Exercise materials Block Start

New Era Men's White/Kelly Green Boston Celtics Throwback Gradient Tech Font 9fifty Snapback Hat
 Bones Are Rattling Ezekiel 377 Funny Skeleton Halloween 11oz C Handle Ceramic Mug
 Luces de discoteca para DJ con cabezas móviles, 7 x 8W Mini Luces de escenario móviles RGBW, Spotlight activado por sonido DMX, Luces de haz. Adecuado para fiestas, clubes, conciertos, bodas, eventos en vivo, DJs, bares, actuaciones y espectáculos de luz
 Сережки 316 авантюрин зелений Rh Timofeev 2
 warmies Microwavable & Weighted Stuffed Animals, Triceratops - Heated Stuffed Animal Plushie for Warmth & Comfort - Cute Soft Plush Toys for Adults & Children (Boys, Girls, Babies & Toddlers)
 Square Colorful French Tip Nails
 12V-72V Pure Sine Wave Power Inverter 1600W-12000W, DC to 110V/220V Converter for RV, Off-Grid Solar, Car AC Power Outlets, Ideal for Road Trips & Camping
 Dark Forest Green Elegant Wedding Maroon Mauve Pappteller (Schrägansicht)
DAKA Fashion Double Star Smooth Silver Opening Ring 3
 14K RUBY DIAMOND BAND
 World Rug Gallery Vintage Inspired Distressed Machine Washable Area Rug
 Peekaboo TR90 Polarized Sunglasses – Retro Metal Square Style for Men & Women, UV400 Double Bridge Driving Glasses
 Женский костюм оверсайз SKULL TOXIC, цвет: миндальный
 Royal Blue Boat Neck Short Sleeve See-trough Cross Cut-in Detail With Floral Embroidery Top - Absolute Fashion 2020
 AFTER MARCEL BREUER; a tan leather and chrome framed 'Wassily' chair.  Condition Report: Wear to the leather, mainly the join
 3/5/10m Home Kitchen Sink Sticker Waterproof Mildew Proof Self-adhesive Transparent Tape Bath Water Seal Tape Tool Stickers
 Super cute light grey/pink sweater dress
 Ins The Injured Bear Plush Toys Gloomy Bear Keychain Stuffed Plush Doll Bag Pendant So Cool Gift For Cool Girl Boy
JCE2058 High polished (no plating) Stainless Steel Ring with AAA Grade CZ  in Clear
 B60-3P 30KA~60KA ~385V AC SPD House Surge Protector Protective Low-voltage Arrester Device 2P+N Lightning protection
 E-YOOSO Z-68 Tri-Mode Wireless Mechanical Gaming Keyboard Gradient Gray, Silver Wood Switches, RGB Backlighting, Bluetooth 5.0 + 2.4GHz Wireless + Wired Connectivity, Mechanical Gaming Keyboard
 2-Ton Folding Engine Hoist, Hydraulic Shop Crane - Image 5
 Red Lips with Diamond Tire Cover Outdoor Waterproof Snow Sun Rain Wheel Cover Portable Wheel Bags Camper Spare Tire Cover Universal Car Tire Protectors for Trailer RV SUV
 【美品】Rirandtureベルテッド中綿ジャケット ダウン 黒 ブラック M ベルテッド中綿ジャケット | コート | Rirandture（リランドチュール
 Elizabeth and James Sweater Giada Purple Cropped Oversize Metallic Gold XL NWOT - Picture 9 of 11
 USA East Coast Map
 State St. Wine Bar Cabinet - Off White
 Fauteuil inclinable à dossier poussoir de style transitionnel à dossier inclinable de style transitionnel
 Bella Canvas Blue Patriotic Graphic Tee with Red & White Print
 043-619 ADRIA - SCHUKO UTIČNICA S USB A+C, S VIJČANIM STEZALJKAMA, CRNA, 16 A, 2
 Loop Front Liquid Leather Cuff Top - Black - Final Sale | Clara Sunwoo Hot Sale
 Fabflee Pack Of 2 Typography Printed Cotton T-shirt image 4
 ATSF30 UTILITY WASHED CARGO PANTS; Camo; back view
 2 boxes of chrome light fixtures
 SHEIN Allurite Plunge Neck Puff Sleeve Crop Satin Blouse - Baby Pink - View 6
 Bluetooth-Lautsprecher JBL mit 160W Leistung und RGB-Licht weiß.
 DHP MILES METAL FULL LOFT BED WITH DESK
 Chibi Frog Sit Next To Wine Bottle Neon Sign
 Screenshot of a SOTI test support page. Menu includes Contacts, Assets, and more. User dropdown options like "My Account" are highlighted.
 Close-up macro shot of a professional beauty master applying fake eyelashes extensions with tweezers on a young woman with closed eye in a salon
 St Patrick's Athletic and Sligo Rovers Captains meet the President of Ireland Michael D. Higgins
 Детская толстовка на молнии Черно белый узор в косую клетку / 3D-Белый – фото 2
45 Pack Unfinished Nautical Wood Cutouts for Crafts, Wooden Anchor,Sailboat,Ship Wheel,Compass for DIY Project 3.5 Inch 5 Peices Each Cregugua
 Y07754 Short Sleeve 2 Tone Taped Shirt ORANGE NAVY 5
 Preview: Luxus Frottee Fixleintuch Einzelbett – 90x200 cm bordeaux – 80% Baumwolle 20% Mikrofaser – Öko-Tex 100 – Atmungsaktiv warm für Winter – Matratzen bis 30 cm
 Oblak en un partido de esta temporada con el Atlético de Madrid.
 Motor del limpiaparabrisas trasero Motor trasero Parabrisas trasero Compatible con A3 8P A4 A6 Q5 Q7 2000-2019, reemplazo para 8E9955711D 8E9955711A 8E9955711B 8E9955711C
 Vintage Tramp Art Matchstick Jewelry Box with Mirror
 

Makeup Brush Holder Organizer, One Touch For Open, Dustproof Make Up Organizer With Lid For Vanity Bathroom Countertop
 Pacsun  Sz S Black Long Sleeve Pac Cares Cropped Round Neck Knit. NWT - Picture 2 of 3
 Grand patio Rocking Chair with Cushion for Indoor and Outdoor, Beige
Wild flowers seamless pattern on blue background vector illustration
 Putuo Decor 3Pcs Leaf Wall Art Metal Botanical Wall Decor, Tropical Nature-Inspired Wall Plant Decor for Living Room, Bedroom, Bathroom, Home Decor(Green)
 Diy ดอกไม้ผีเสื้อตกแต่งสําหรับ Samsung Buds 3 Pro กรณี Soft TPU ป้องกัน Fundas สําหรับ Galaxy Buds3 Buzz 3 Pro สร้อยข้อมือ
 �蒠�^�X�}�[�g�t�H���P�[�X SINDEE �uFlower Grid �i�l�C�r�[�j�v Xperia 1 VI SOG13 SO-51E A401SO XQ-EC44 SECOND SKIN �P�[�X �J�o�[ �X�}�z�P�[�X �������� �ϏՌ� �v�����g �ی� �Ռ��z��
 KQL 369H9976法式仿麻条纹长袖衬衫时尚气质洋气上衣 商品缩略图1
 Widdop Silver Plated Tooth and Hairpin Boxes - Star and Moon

Exercise materials Block End

▶ Your objective:
Using only the entries above, output the line with "45 Pack Unfinished", the line with "SINDEE �uFlower Grid", and all lines between them, exactly as they stand.

▶ Response below:
45 Pack Unfinished Nautical Wood Cutouts for Crafts, Wooden Anchor,Sailboat,Ship Wheel,Compass for DIY Project 3.5 Inch 5 Peices Each Cregugua
 Y07754 Short Sleeve 2 Tone Taped Shirt ORANGE NAVY 5
 Preview: Luxus Frottee Fixleintuch Einzelbett – 90x200 cm bordeaux – 80% Baumwolle 20% Mikrofaser – Öko-Tex 100 – Atmungsaktiv warm für Winter – Matratzen bis 30 cm
 Oblak en un partido de esta temporada con el Atlético de Madrid.
 Motor del limpiaparabrisas trasero Motor trasero Parabrisas trasero Compatible con A3 8P A4 A6 Q5 Q7 2000-2019, reemplazo para 8E9955711D 8E9955711A 8E9955711B 8E9955711C
 Vintage Tramp Art Matchstick Jewelry Box with Mirror
 

Makeup Brush Holder Organizer, One Touch For Open, Dustproof Make Up Organizer With Lid For Vanity Bathroom Countertop
 Pacsun  Sz S Black Long Sleeve Pac Cares Cropped Round Neck Knit. NWT - Picture 2 of 3
 Grand patio Rocking Chair with Cushion for Indoor and Outdoor, Beige
Wild flowers seamless pattern on blue background vector illustration
 Putuo Decor 3Pcs Leaf Wall Art Metal Botanical Wall Decor, Tropical Nature-Inspired Wall Plant Decor for Living Room, Bedroom, Bathroom, Home Decor(Green)
 Diy ดอกไม้ผีเสื้อตกแต่งสําหรับ Samsung Buds 3 Pro กรณี Soft TPU ป้องกัน Fundas สําหรับ Galaxy Buds3 Buzz 3 Pro สร้อยข้อมือ
 �蒠�^�X�}�[�g�t�H���P�[�X SINDEE �uFlower Grid �i�l�C�r�[�j�v Xperia 1 VI SOG13 SO-51E A401SO XQ-EC44 SECOND SKIN �P�[�X �J�o�[ �X�}�z�P�[�X �������� �ϏՌ� �v�����g �ی� �Ռ��z��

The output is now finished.